Instead, use Python’s builtin copy() method to create a clone of the DataFrame object, and use the two DataFrame objects to perform the join:

>>> from copy import copy

>>> # Create a DataFrame object for the "sample_product_data" table for the left-hand side of the join.
>>> df_lhs = session.table("sample_product_data")
>>> # Clone the DataFrame object to use as the right-hand side of the join.
>>> df_rhs = copy(df_lhs)

>>> # Create a DataFrame that joins the two DataFrames
>>> # for the "sample_product_data" table on the
>>> # "id" and "parent_id" columns.
>>> df_joined = df_lhs.join(df_rhs, df_lhs.col("id") == df_rhs.col("parent_id"))
>>> df_joined.count()
8

Specifying Columns and Expressions

When calling these transformation methods, you might need to specify columns or expressions that use columns. For example, when calling the select method, you need to specify the columns that should be selected.

To refer to a column, create a Column object by calling the col function in the snowflake.snowpark.functions module.

>>> # Import the col function from the functions module.
>>> from snowflake.snowpark.functions import col

>>> df_product_info = session.table("sample_product_data").select(col("id"), col("name"))
>>> df_product_info.show()
---------------------
|"ID"  |"NAME"      |
---------------------
|1     |Product 1   |
|2     |Product 1A  |
|3     |Product 1B  |
|4     |Product 2   |
|5     |Product 2A  |
|6     |Product 2B  |
|7     |Product 3   |
|8     |Product 3A  |
|9     |Product 3B  |
|10    |Product 4   |
---------------------

Note

To create a Column object for a literal, see Using Literals as Column Objects.

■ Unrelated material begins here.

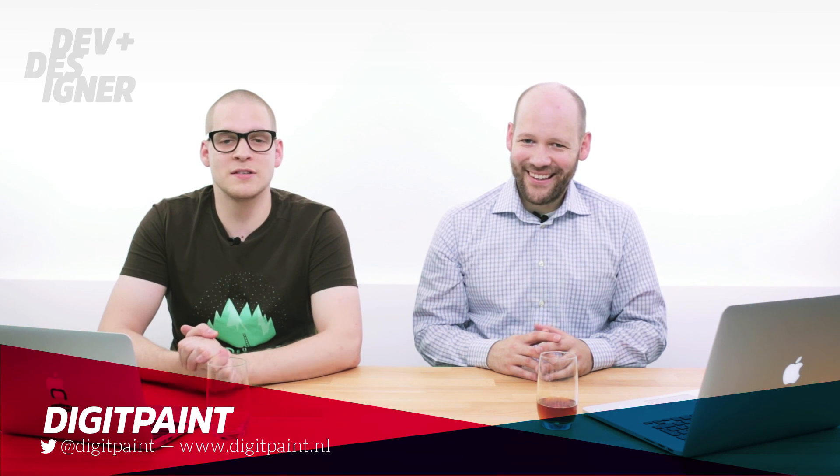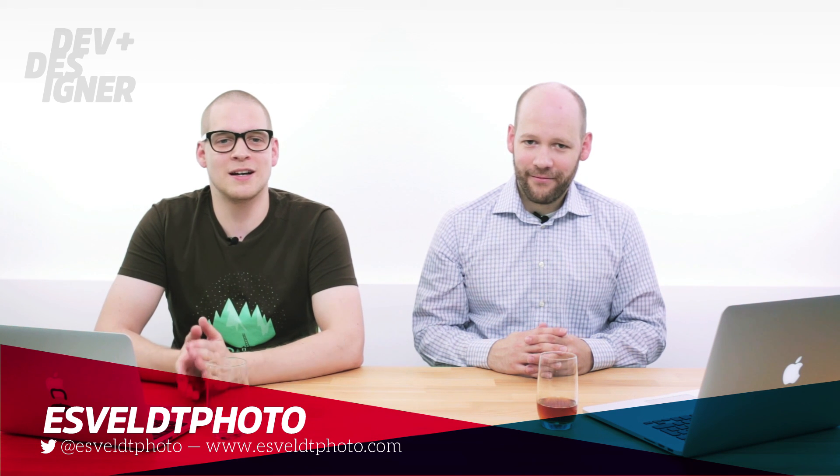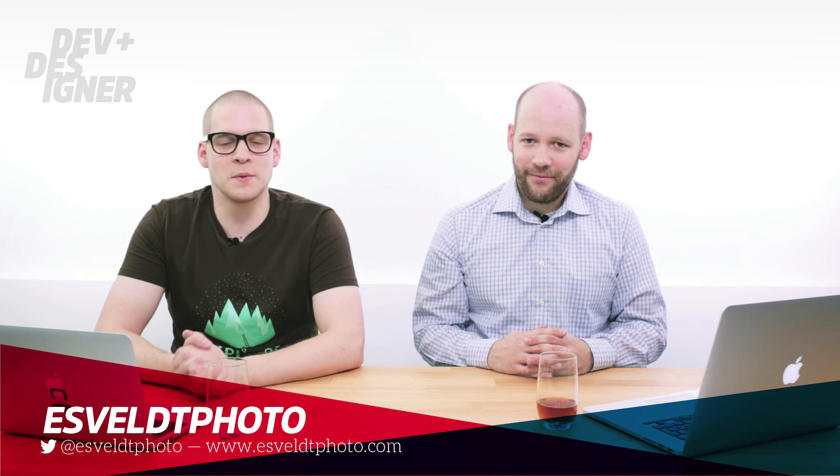We've shown some examples, talked about what's good and bad, and we hope you learned something. Please comment, subscribe, and send us your ideas for topics — we'd love to hear from you. We'd like to thank Digitpaint for offering this great space to record, and Esfeld of EsfeldPhoto who is our devoted camerawoman and light master. Thank you very much, thanks for sticking with us.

When specifying a filter, projection, join condition, etc., you can use Column objects in an expression. For example:

  • You can use Column objects with the filter method to specify a filter condition:

    >>> # Specify the equivalent of "WHERE id = 20"
    >>> # in a SQL SELECT statement.
    >>> df_filtered = df.filter(col("id") == 20)
    
    >>> df = session.create_dataframe([[1, 3], [2, 10]], schema=["a", "b"])
    >>> # Specify the equivalent of "WHERE a + b < 10"
    >>> # in a SQL SELECT statement.
    >>> df_filtered = df.filter((col("a") + col("b")) < 10)
    >>> df_filtered.show()
    -------------
    |"A"  |"B"  |
    -------------
    |1    |3    |
    -------------
    
  • You can use Column objects with the select method to define an alias:

    >>> # Specify the equivalent of "SELECT b * 10 AS c"
    >>> # in a SQL SELECT statement.
    >>> df_selected = df.select((col("b") * 10).as_("c"))
    >>> df_selected.show()
    -------
    |"C"  |
    -------
    |30   |
    |100  |
    -------
    
  • You can use Column objects with the join method to define a join condition:

    >>> dfX = session.create_dataframe([[1], [2]], schema=["a_in_X"])
    >>> dfY = session.create_dataframe([[1], [3]], schema=["b_in_Y"])
    >>> # Specify the equivalent of "X JOIN Y on X.a_in_X = Y.b_in_Y"
    >>> # in a SQL SELECT statement.
    >>> df_joined = dfX.join(dfY, col("a_in_X") == col("b_in_Y")).select(dfX["a_in_X"].alias("the_joined_column"))
    >>> df_joined.show()
    -----------------------
    |"THE_JOINED_COLUMN"  |
    -----------------------
    |1                    |
    -----------------------
    

When referring to columns in two different DataFrame objects that have the same name (for example, joining the DataFrames on that column), you can use the DataFrame.col method in one DataFrame object to refer to a column in that object (for example, df1.col("name") and df2.col("name")).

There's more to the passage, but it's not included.